1931 set of variations by Sergei Rachmaninoff

Variations on a Theme of Corelli (Вариации на тему А. Корелли, Variatsii na temu A. Korelli), Op. 42, is a set of variations for solo piano, written in 1931 by the Russian composer Sergei Rachmaninoff. He composed the variations at his holiday home in Switzerland.

The theme is La Folia, which was not in fact composed by Arcangelo Corelli, but was used by him in 1700 as the basis for 23 variations in his Sonata for violin and continuo (violone or harpsichord) in D minor, Op. 5, No. 12. La Folia was popular as a basis for variations in Baroque music. Franz Liszt used the same theme in his Rhapsodie espagnole S. 254 (1863).

Rachmaninoff dedicated the work to his friend the violinist Fritz Kreisler. He wrote to another friend, the composer Nikolai Medtner, on 21 December 1931:
 I've played the Variations about fifteen times, but of these fifteen performances only one was good. The others were sloppy. I can't play my own compositions! And it's so boring! Not once have I played these all in continuity. I was guided by the coughing of the audience. Whenever the coughing would increase, I would skip the next variation. Whenever there was no coughing, I would play them in proper order. In one concert, I don't remember where - some small town - the coughing was so violent that I played only ten variations (out of 20). My best record was set in New York, where I played 18 variations. However, I hope that you will play all of them, and won't "cough".
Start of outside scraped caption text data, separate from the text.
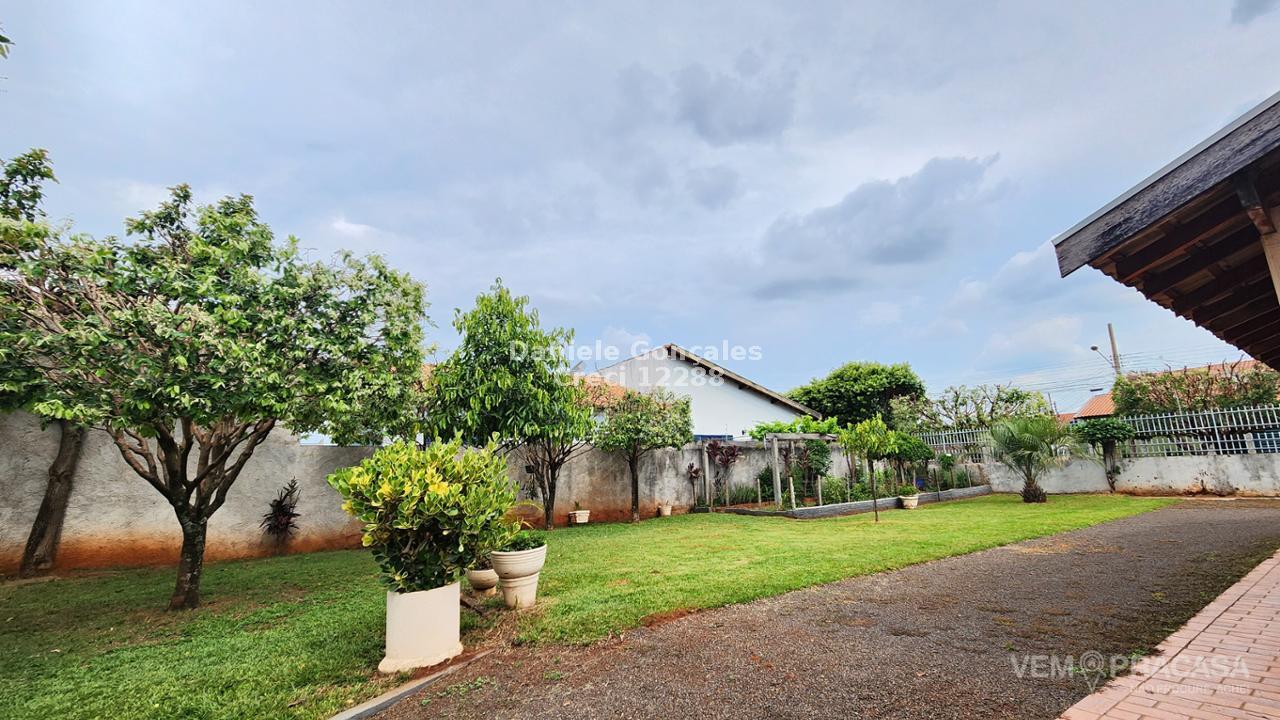 Casa Térrea à venda no Monte Castelo, Campo Grande – foto 15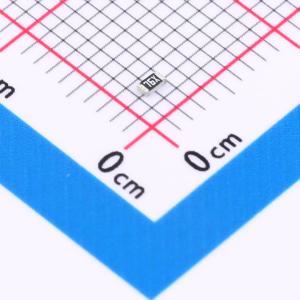 FRC0603F60R4TS商品缩略图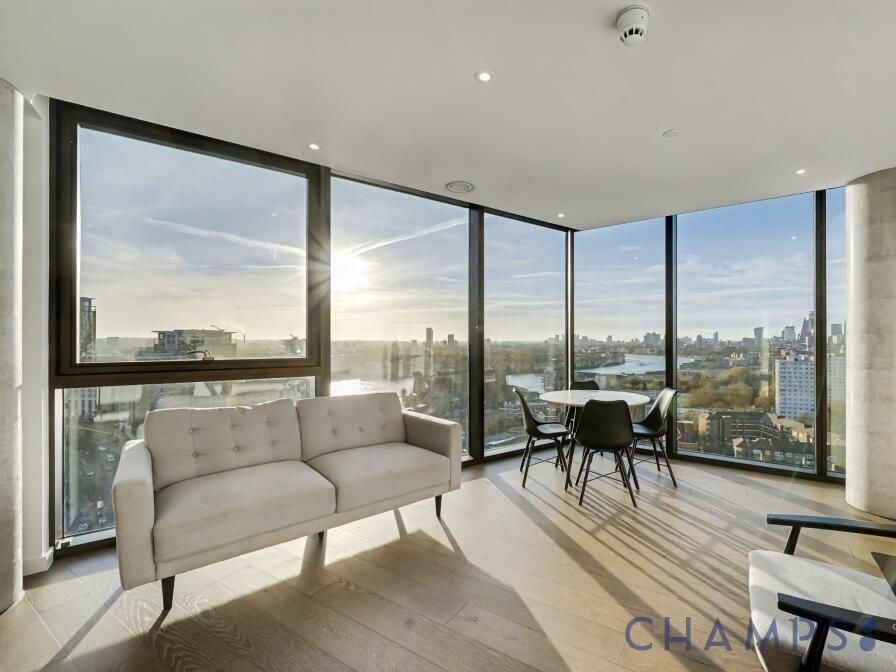 Property photo 3 of 9 Gallery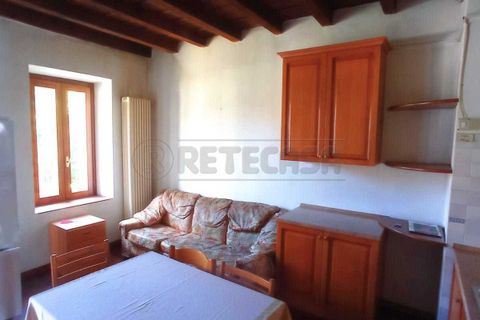 Lejlighed i Bergamo, Bergamo, Bergamo - € 120.000 | Ref: RBGGB15 - foto 4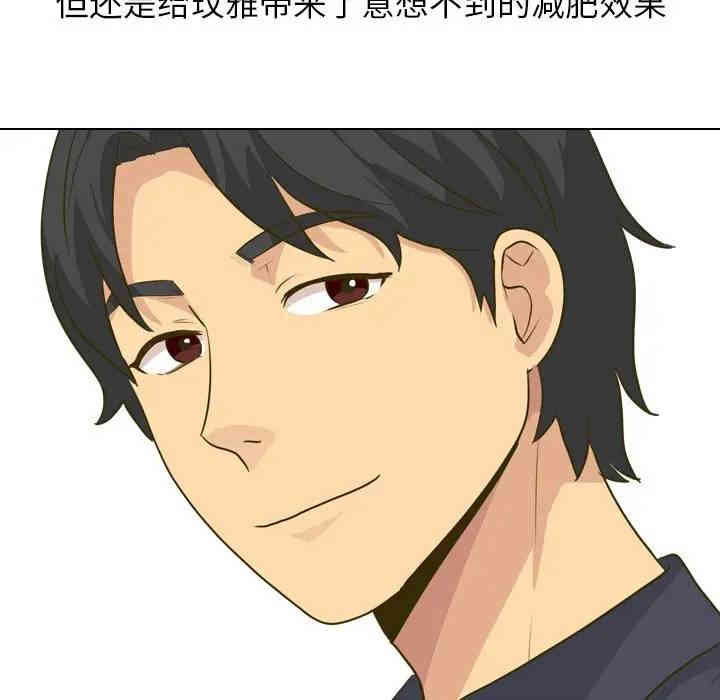 第22张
Rachmaninoff recorded many of his own works, but this piece wasn't one of them.

==Structure==
The Theme is followed by 20 variations, an Intermezzo between variations 13 and 14, and a Coda to finish. All variations are in D minor except where noted.

- Theme. Andante
- Variation 1. Poco piu mosso
- Variation 2. L'istesso tempo
- Variation 3. Tempo di Minuetto
- Variation 4. Andante
- Variation 5. Allegro (ma non tanto)
- Variation 6. L'istesso tempo
- Variation 7. Vivace
- Variation 8. Adagio misterioso
- Variation 9. Un poco piu mosso
- Variation 10. Allegro scherzando
- Variation 11. Allegro vivace
- Variation 12. L'istesso tempo
- Variation 13. Agitato
- Intermezzo
- Variation 14. Andante (come prima) (D♭ major)
- Variation 15. L'istesso tempo (D♭ major)
- Variation 16. Allegro vivace
- Variation 17. Meno mosso
- Variation 18. Allegro con brio
- Variation 19. Piu mosso. Agitato
- Variation 20. Piu mosso
- Coda. Andante
Rachmaninoff noted in the score that variations 11, 12, and 19 could be omitted at the performer’s discretion.